Thanks everyone for the help, much appreciated.

I might go to the LHBS to see if they have some other crown seals and see if they help.


----------



## 431neb (7/5/14)

All my cappers would cap twist tops back in the day so assuming the twist tops on the bottles haven't changed you should be OK. 

Ordinary crown seals are heaps better though IMO. Pity they are becoming hard to get in quantity. Even Coopers have twist tops now…

Bugger bottles. Work a few weekends. Stop being a tight-arse and get some kegs. ; )


----------



## dicko (7/5/14)

There is a difference according to this  pic.
It appears the seals are different thicknesses.
From memory Brewcraft :unsure: used to sell different caps but I just did a search and I couldn't see anything on there site.


----------



## pcmfisher (7/5/14)

When you first cap the screw top bottle it appears they are not very tight as you can twist them off easily.

You will find they are in fact sealed and once the beer is carbonated the pressure pushed up on the lid and makes it harder to screw off.


----------



## ASYLUM_SPIRIT (7/5/14)

pcmfisher said:


> When you first cap the screw top bottle it appears they are not very tight as you can twist them off easily.
> 
> You will find they are in fact sealed and once the beer is carbonated the pressure pushed up on the lid and makes it harder to screw off.


Thanks, I did read this somewhere else. Comforting to hear it again. Cheers


----------



## ASYLUM_SPIRIT (7/5/14)

I was down the local LHBS and was looking at different crown seals. I picked up a packed on gold plain seals and a coloured version. The man came up to me a few people have had trouble with those gold ones.

Now I didn't buy my gold ones from there, but maybe there is a problem with one of the manufacture, or could just be a coincidence.

Lets see how if these coloured ones go on any better.


----------



## shaunous (7/5/14)

I use screw-top long necks and crown seal long necks, I don't change my way of putting them on, and im still actually going through caps my old man used when he brewed in the 80's and 90's, he had hundreds and hundreds in old beer kit cans. None of them have leaked, but I also have never tried to unscrew the cap, I just capped and onto the next one.


----------



## ballantynebrew (8/5/14)

get kegs you wont look back


----------



## JDW81 (8/5/14)

I've never seen different caps for crown seal vs screw caps. I don't use screw caps any more, but when I did I used the same caps for both bottle types with equal success.

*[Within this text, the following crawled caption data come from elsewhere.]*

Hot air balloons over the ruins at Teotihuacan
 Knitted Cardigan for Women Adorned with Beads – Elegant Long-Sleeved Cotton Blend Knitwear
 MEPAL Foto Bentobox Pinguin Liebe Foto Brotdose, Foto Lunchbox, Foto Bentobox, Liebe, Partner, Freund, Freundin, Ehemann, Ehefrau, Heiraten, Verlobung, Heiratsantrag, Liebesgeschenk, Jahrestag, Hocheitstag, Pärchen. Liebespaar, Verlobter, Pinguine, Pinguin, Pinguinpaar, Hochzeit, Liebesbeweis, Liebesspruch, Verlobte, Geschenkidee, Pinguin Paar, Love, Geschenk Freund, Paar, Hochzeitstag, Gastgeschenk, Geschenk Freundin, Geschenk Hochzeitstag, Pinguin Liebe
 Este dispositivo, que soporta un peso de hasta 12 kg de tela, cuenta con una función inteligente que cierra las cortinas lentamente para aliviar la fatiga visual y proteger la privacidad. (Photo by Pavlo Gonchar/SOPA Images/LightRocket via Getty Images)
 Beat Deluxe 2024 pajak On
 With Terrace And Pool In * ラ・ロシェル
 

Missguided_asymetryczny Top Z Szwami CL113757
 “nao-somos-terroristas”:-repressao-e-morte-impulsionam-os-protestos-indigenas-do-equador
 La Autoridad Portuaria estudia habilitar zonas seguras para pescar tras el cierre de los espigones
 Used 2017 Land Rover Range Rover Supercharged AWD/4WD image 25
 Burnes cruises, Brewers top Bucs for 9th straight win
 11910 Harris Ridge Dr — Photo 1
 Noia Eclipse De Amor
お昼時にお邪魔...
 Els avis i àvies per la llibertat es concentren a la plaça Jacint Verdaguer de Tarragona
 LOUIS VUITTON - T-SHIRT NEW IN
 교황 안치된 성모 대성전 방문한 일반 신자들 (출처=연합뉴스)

I only got rid of my screw bottles as I had a heap and a mate needed some to kick off his brewing.

JD


----------



## warra48 (8/5/14)

I've now moved from there, but the local HB shop in Port Macquarie sell different crown seals for roll tops and screw tops.
The screw top seals seem to be a little thinner, and the capper deals with them more easily.

I also rotate all my bottles 180º when capping to ensure I get an even seal.

My experience is that crown seals will appear somewhat loose on the screwtop bottles when first capped, but they tighten as carbonation proceeds.


----------